19 The evidence showed that during the period of time covered by the several counts in the indictment the appellant was gambling heavily on racehorses. Statements of his TAB telephone betting account issued between January 1999 and August 2002 showed that he bet over $6 million at a loss of about $840,000.00.

20 The sole contested issue for the jury on each count was therefore whether, when he transferred the moneys into his own account, the appellant intended to cheat and defraud Tasman KB. The Crown case was a strong one. Whether the jury would have a reasonable doubt about the appellant’s intent to cheat and defraud depended on whether they considered it reasonably possible that the arrangement described by the appellant was ever authorised by Tasman KB. Central to that issue was the credit of the appellant.

21 The first two grounds of appeal may be dealt with together.
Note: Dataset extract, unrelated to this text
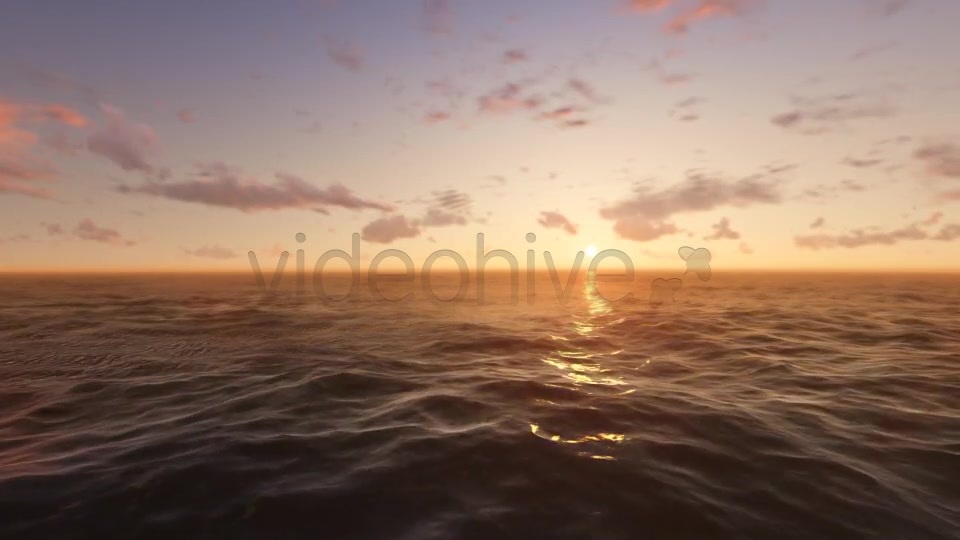 Endless Ocean Sunset Videohive 7576698 Motion Graphics Image 7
They are -

          GROUND 1
          His Honour erred by admitting evidence relating to the appellant’s convictions in 1984 for larceny as a clerk as tendency and coincidence evidence.
          GROUND 2
          His Honour erred by admitting as evidence in this trial the Facts Sheet and an edited record of interview that were previously tendered in the 1985 proceedings.
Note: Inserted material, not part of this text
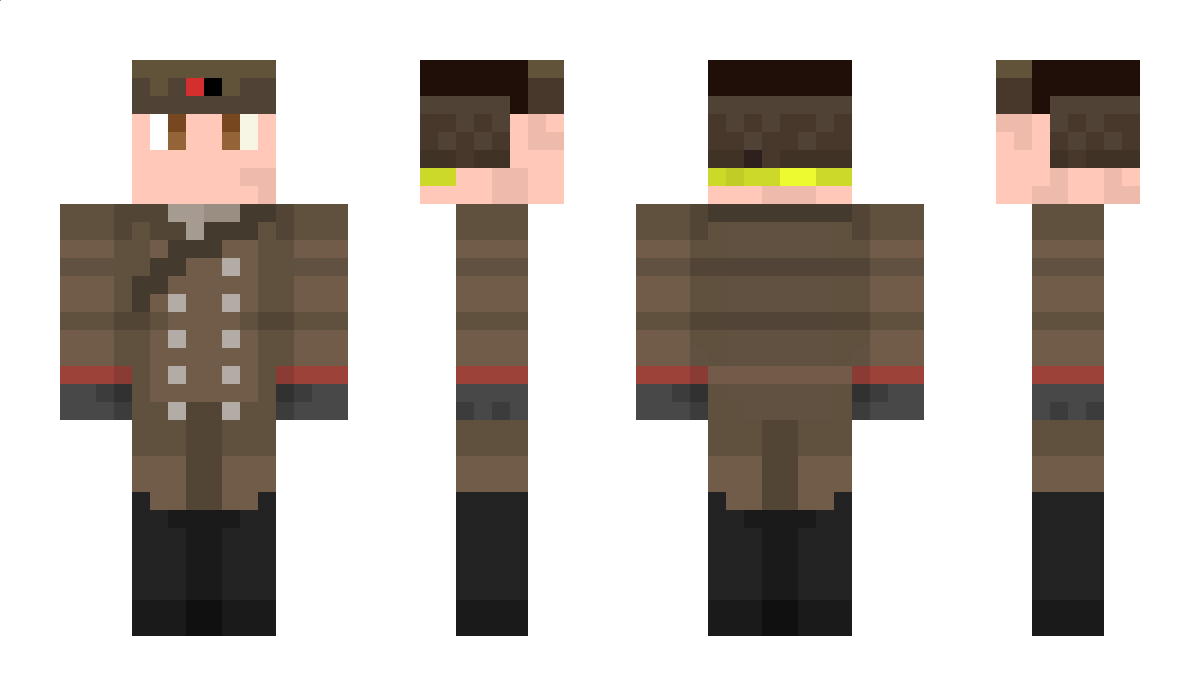 MrGiraud Minecraft Skin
22 In 1985 the appellant was convicted in the District Court of thirty-seven counts of larceny as a clerk. He was at the time an accountant at John Fairfax Limited (“Fairfax”). He pleaded guilty. According to the Facts Sheet tendered at the time of the plea, part of the appellant’s duties was to authorise payments for expenses incurred by Fairfax. There was a system for vouching payments, as part of which the appellant would prepare a cheque authorisation form and attach it to the creditor’s invoice. Others would examine each such authorisation and invoice before signing any cheque. The appellant was an authorised cheque signatory and signed each such cheque himself, but each had to have two signatures, so it was still necessary for this procedure to be followed. Occasionally cheques were needed urgently. Then the signatories would sign cheques, relying only on the information recorded by the appellant on the authorisation form. The intention in such cases was to attach the relevant invoices when they were received later on. On the thirty-seven occasions which gave rise to the charges the appellant prepared cheque authorisation forms without invoices and led other signatories to believe that cheques were required urgently. They signed them in good faith. The cheques were all made out to cash. The appellant used the proceeds for his own purposes, paying them into various bank, building society and credit union accounts or investing them in listed securities or bonds.
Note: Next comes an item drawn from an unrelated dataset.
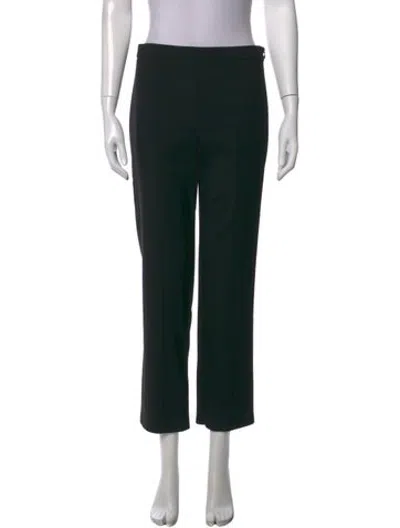 Pre-owned Eaves Straight Leg Pants In Black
23 Before the trial the Crown served on the defence, in accordance with ss97 and 98 Evidence Act, notices of intention to adduce tendency and coincidence evidence according to the summary I have set out above. The matter was raised before the trial judge before the jury was empanelled and objection taken by defence counsel. The notices were tendered together with a document called “Points of Similarity” prepared by the Crown, in the following terms -

          POINTS OF SIMILARITY
          FAIRFAX AND SONS LTD TASMAN KB PTY LTD
          During 1983 and 1984 accused was a senior accountant for Fairfax and Sons Limited. During 1999 to 2002 accused was a senior accountant for Tasman KB Pty Ltd.
          At Fairfax part of his duties was the authorisation of payments to company creditors. At Tasman KB part of his duties was the authorisation of payments to company creditors.
          During 1983 and 1984 the accused was involved in the fraudulent drawing of 38 cheques totalling $708,922.26 from the company’s bank account. During 1999 to 2002 the accused was responsible for the fraudulent* drawing of 43 cheques totalling $2,242,642.22 from the company’s bank account.
          The accused caused the cheques drawn to be recorded in the company accounts as payments to company creditors or payments to creditors on behalf of related companies. The accused caused the cheques to be recorded in the company accounts as payments to creditors, payments to related companies and payments to Directors.
          The accused was involved in regular betting on horse races. The accused was involved in regular betting on horse races.
          * Sic: whether the drawing was fraudulent was, of course, the issue.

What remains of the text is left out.